This is what it means to be a slave: that everything is decided for you from out there. You just got to listen and do as they tell you. You don't say no. You don't ask questions. You just do what they tell you. But far in the back of your head you think: One day there must come a time when you got to say for yourself: This and that I shall do, this and that I shall not.
Philida is the mother of four children by Francois Brink, the son of her master. The year is 1832 and the Cape is rife with rumours about the liberation of the slaves. Philida decides to risk her whole life by lodging a complaint against Francois, who has reneged on his promise to set her free.
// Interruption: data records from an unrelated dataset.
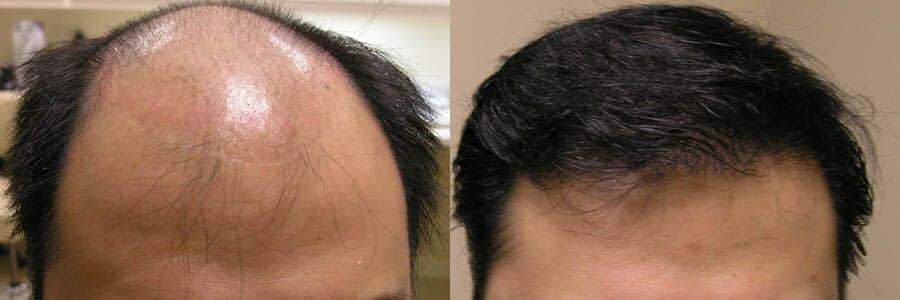 41 Year Old Caucasian Male Black FUT Hair Transplant Before / After Result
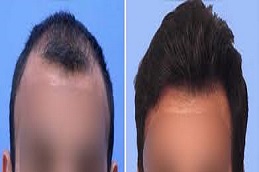 زراعة وحدات الشعر FUT في دبي وأبوظبي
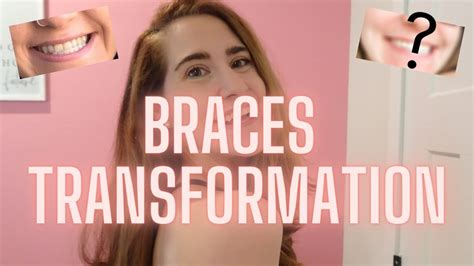 My Journey In Adult Braces Underbite To Overbite Without Surgery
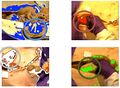 Thumbnail for version as of 18:50, 18 July 2023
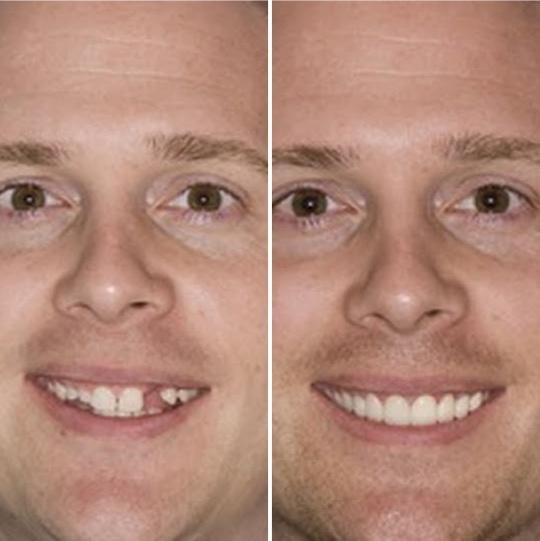 Протезирования передних зубов до и после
His father has ordered him to marry a white woman from a prominent Cape Town family, and Philida will be sold on to owners in the harsh country up north. Unwilling to accept this fate, Philida continues to test the limits of her freedom, and with the Muslim slave Labyn she sets off on a journey across the great wilderness on the banks of the Gariep River, to the far north of Cape Town. Philida is an unforgettable story of one woman's determination to survive and be free.
About the Author
ANDRÉ BRINK is the author of several novels in English, including A Dry White Season, Imaginings of Sand, The Rights of Desire and The Other Side of Silence. He has won South Africa's most important literary prize, the CNA Award, three times and has twice been shortlisted for the Booker Prize.